St. Michael and All Angels Church, in Bassett, Southampton, is an Anglican parish church which dates from the late 19th century.

==Location==
The church is situated on the eastern side of Bassett Avenue, Southampton, described by Pevsner & Lloyd as "part of the splendid tree-lined route into Southampton from Winchester, London and the north".

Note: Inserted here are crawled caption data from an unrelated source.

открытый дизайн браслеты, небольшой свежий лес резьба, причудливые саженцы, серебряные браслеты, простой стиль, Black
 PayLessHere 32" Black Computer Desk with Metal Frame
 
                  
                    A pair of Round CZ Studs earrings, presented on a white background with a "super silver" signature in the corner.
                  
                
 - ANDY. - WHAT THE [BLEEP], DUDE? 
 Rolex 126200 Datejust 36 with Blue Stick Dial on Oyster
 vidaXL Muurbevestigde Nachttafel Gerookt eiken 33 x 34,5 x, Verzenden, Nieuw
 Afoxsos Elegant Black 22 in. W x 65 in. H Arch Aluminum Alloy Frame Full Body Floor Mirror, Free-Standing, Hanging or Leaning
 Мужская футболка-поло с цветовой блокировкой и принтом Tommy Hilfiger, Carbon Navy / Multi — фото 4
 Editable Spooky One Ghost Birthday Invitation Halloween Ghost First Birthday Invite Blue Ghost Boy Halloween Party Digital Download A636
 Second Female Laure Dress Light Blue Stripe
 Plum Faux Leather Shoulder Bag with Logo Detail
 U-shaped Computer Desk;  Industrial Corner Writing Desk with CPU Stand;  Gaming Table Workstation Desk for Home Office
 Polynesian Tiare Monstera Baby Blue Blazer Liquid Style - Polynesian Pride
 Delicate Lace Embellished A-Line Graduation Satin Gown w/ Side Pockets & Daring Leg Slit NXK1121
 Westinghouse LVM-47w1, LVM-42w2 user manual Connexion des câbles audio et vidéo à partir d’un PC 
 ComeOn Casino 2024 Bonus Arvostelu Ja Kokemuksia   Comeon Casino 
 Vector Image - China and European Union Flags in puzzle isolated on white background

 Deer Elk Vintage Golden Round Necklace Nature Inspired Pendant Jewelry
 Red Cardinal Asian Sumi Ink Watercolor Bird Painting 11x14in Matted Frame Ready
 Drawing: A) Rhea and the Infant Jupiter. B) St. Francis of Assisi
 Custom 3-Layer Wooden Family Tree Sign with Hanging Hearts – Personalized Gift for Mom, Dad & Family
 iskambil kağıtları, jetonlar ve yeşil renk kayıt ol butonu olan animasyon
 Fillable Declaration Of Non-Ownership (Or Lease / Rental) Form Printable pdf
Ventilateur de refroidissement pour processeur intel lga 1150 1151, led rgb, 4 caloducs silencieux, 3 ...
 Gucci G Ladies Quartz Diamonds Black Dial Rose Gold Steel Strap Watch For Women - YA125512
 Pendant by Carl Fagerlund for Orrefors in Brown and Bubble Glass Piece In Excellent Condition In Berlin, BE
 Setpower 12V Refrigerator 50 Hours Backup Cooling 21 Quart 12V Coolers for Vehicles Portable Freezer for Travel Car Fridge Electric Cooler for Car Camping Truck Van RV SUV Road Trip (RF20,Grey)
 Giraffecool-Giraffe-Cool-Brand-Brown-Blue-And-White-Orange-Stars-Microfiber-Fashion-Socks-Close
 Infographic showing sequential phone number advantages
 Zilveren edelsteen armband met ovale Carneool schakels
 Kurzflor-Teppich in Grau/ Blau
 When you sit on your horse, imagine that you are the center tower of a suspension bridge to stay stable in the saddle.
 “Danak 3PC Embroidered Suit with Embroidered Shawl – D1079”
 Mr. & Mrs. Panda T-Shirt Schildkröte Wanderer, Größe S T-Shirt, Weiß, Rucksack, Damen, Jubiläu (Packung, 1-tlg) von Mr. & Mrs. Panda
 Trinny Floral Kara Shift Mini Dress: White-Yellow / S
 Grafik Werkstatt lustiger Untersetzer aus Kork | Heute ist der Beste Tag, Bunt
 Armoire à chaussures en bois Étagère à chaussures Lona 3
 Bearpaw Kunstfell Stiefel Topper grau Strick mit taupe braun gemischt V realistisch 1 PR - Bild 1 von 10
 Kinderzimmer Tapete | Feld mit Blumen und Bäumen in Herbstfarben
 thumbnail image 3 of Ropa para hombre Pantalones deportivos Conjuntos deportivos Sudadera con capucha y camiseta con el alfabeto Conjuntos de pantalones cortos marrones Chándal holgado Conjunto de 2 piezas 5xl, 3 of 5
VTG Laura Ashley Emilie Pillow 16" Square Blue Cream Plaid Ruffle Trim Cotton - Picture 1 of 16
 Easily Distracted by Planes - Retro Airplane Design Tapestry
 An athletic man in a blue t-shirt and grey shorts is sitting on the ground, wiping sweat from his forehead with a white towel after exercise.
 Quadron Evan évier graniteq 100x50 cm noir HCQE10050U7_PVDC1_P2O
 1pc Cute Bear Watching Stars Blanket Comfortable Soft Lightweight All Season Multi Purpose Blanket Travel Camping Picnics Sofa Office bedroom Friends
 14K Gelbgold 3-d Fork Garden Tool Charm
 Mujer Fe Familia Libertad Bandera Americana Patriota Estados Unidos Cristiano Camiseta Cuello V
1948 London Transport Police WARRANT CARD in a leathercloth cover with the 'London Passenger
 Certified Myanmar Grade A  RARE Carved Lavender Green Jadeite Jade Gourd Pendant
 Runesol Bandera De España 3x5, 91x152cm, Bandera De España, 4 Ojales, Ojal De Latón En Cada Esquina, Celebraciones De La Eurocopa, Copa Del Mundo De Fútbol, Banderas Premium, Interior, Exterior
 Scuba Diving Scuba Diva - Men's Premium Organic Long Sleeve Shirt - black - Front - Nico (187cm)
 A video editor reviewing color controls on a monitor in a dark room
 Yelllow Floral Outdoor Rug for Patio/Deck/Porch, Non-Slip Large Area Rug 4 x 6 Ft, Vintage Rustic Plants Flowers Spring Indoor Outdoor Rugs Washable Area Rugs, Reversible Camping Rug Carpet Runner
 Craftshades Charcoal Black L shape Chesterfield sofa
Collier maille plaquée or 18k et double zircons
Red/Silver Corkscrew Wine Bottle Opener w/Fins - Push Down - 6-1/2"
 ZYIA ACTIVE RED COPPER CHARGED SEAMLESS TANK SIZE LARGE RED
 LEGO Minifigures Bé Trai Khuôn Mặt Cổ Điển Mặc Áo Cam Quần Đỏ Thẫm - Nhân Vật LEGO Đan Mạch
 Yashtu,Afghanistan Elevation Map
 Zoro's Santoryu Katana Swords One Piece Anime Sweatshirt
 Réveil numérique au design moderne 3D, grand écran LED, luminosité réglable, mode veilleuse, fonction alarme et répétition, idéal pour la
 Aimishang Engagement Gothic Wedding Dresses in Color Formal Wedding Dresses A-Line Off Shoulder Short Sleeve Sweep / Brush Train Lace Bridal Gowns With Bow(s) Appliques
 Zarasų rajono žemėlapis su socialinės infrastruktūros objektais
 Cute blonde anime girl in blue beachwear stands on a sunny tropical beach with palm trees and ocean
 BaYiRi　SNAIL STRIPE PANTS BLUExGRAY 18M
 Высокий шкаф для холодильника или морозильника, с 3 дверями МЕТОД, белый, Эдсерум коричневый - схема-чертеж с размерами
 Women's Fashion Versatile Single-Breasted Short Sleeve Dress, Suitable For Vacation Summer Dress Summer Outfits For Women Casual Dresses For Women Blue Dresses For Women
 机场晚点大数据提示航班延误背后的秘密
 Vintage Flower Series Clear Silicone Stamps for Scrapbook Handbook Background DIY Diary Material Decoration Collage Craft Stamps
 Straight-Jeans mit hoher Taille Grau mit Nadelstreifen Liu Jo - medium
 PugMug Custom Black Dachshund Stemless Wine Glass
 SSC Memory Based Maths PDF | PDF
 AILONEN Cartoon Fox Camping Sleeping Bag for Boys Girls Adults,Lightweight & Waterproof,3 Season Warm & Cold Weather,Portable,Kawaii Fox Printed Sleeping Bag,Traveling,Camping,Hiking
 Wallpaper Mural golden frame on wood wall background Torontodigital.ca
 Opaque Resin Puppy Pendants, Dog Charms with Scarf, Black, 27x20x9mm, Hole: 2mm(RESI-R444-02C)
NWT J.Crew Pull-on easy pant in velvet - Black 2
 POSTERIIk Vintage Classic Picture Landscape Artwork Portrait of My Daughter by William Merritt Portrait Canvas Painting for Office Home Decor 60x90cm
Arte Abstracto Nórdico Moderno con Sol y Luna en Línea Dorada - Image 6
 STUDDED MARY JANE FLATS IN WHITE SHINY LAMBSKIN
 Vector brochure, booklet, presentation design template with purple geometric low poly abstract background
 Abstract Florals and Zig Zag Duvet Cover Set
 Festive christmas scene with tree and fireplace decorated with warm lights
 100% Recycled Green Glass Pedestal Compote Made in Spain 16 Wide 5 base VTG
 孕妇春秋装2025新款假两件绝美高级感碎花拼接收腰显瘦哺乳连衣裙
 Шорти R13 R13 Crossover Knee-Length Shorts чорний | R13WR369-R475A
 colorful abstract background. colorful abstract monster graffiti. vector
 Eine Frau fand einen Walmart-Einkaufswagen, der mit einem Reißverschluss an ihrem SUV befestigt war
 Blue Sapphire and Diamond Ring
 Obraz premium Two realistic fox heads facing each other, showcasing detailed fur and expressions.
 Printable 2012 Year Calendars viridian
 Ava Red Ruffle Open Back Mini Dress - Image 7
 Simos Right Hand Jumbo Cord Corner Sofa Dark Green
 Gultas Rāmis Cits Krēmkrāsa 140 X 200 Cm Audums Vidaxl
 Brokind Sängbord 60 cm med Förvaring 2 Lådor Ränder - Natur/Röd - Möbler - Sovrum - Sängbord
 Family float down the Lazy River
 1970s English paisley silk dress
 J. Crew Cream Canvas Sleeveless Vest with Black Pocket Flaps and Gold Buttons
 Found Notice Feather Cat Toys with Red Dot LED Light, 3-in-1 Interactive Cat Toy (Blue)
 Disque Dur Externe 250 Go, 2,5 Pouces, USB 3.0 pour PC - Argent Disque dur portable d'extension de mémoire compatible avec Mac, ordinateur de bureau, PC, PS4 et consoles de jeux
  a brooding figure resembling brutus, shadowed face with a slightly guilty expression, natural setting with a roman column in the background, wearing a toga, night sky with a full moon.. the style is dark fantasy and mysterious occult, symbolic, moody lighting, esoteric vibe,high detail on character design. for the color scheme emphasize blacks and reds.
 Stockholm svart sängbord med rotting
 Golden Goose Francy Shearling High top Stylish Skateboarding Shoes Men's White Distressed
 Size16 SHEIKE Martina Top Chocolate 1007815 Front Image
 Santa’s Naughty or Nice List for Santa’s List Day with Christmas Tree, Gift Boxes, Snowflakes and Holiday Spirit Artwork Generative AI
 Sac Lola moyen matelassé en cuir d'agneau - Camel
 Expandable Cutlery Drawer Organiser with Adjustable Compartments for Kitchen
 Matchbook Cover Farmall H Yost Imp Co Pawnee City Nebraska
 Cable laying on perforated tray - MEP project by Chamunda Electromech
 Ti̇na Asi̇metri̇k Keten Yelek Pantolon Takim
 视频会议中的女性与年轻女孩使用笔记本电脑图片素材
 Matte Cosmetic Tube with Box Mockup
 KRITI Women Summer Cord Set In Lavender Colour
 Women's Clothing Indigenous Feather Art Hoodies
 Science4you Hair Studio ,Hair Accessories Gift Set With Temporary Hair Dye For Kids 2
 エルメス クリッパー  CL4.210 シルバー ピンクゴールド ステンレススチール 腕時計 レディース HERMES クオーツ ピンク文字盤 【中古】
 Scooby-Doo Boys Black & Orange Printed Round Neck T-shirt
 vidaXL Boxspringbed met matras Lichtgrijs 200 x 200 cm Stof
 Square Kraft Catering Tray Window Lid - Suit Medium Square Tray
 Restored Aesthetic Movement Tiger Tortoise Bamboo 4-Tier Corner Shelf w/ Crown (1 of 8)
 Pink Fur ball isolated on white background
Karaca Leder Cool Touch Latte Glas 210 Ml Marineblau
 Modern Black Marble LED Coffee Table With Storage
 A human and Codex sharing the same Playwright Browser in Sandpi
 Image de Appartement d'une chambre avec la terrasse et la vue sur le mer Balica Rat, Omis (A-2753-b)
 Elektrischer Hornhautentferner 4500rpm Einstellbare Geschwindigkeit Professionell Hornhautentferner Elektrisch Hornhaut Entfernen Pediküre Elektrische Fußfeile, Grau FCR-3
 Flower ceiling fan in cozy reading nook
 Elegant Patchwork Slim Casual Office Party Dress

The church is in the parish of North Stoneham and Bassett and has the largest congregation of the three churches in the parish.

==Architecture==

===Exterior===
The church exterior, in plain red stock brick with Monks Park stone dressings for the doors and windows, slated roof and small bell-turret on its western gable, is not particularly impressive; but with its concrete vaulted roof supported on stone ribs, Pevsner and Lloyd, in their Buildings of England: Hampshire and the Isle of Wight, considered that it has "an intriguing and distinguished design internally".

===Interior===
The church has a nave with four broad rib-vaulted bays separated from the chancel by a rood-screen surmounted by a carving depicting the Crucifixion of Jesus.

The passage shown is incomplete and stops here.